Bruce Blumfield, CEO of the $1.2-billion Founders FCU, said he has certainly seen and felt the changes in the rural South Carolina community served by FFCU, which has approximately 140,000 members and serves 600 SEGs through 20 serve centers.

In remarks before NCUA's Partnering And Leadership Successes (PALS) Conference here, which was organized by NCUA board member Debbie Matz, Blumfield's primary focus was what he called "The Spanish Revolution" in his home state.

Approximately five years ago, he said, it became impossible not to notice how many Hispanics was moving into its markets. In addition, its original and still large primary sponsor said its goal was to have 50% of its employees be Hispanic.

The credit union saw the Spanish handwriting on the wall, and responded by visiting with other credit unions, talking with the Spanish-speaking community, researching use of alternative documentation and applications, and taking other steps.

One of those steps, initially, was attempting to train its own staff to speak Spanish. That step faltered, he admitted.

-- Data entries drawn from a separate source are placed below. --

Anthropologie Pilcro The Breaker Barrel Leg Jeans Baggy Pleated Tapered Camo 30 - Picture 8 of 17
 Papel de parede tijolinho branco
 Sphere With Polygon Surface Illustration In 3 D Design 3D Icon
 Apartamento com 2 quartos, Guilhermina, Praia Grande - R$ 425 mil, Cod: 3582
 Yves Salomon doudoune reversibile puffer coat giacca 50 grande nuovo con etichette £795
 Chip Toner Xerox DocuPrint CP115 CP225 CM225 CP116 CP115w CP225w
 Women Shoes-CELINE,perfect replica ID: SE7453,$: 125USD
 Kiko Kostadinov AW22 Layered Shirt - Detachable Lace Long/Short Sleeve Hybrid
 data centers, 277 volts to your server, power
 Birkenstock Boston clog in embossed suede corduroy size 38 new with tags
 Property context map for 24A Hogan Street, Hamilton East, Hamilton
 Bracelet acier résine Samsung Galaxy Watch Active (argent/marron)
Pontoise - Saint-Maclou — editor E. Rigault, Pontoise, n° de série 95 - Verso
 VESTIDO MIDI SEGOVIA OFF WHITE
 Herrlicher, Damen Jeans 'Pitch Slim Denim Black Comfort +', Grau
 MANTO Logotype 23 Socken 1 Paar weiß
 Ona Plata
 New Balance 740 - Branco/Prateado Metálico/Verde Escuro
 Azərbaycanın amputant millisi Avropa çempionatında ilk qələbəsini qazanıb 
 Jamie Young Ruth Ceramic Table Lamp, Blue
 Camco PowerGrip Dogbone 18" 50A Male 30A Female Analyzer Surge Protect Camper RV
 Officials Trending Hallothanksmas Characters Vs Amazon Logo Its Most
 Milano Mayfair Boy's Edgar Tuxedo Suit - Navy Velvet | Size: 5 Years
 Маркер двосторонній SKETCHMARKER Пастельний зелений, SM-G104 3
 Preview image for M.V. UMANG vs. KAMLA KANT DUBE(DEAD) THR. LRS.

"We have found you can't train rural South Carolinians to speak Spanish fluently," said Blumfield, only half joking. Instead, it has begun hiring natives of Mexico, Guatamala, the Dominican Republic and other countries, and pays them a premium for their skills. All employees, regardless of ethnic group, were put through cultural training. "It's all about trust and loyalty," said Blumfield. "If they trust you, you'll do well. If not, you might as well forget it."

Using Spanish media to announce the opening of a new bilingual branch, more than 2,000 people turned out for the event. It has since followed up with new advertising that plays to trust, family and confidence. "We've just rolled this out and we're seeing a great influx of members as a result," said Blumfield. "People ask us all the time what's the breakeven on the branch. We don't know and don't care. We've made a commitment to this community."

Separate from those efforts, Founders has deployed risk-based pricing on its loans using Beacon scores. "If you can tailor (Beacon scores) to fit your membership, it works well," he said.

Most recently, FFCU has tailored its own criteria, lowering its "A" paper to a Beacon of 675 or higher. "If you can tailor (Beacon scores) to fit your membership, it works well," he said.

Founders FCU has three full-time employees who do credit counseling, and has begun sending members who meet certain criteria letters before they fall into trouble. In fact, Blumfield said FFCU has approximately 150 members whose paychecks it receives in their entirety; the credit union has negotiated with creditors, makes payments and gives those members an "allowance."